Shikato only opened his stable in March and took over Screen Hero’s charge from retiring trainer Susumu Yano.
Following a broken bone and nearly a year away from the turf, the horse was returned to racing from summer. Four races preceded the Japan Cup, with three different jockeys bringing the 4-year-old home with two wins and two seconds.
Only open class until his last time out, when he won his first group race, a G2, Shikato had been told by each of the jockeys that the horse has potential and can go a lot further.
“With each race he seemed to rise to meet the level of his opponents,” Shikato said.

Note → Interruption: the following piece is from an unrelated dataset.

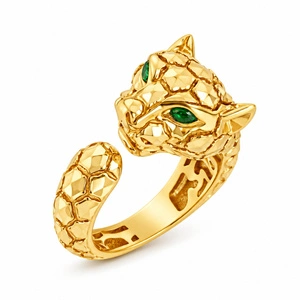 Złoty pierścionek 585 tygrys gepard lampart zielone cyrkonie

“But the Japan Cup field had three Derby winners and I wondered if he could rise that far.”
Not only did he rise to their level, he surpassed it, bringing both Shikato, Demuro and owner Teruya Yoshida of the breeding/racing giant Shadai their first wins of the international invitational, worth ¥250 million to the winner.
Demuro said he had been more confident.
“I watched him during work and he is a very competitive horse. When he lines up with other horses, he really battles to stay ahead of them, a very good thing for a racehorse.”
Demuro, who was joined by his wife, Martina, and 11-month-old daughter, Lucrzia, had just arrived in Japan the previous week for a month of riding. He had not ridden work but had studied videos of Screen Hero’s earlier races.
For Demuro himself, he said grinning, “it’s a much better start this year than last time.”
“Last time” referred to 2005 when a spill during racing the day before the Japan Cup resulted in a broken collarbone, knocking him out of the next day’s running, during which he had been planning to ride Cosmo Bulk, who finished a far last this year in his fifth Japan Cup.
In a disappointing repeat of last year, the foreign-based competitors failed miserably. Marsh Side from the U.S. was scratched on Saturday after developing a fever.
Purple Moon topped the remaining three, all from the U.K., in ninth place, followed by Sixties Icon in 13th place and Papal Bull in 14th.
The Grass Wonder-sired Screen Hero, out of the Sunday Silence mare Running Heroine, bested what had been touted as some of the toughest competition in recent Japan Cup history.
In addition to the three Derby winners were six other group 1 champions. Ninth choice at the windows, Screen Hero returned a neat ¥4,100 on a ¥100 wager. The exacta 16-9 paid ¥25,160 on ¥100.
Screen Hero, bred at Shadai Farm in Chitose, Hokkaido, clocked 2 minutes 25.5 seconds over 2,400 meters of fast turf. The race, run on a picture-perfect, blue-skied Sunday afternoon, was attended by nearly 108,000 people and brought the Japan Racing Association a turnover of nearly ¥31.3 billion, 22 billion of which were bet on the Japan Cup alone.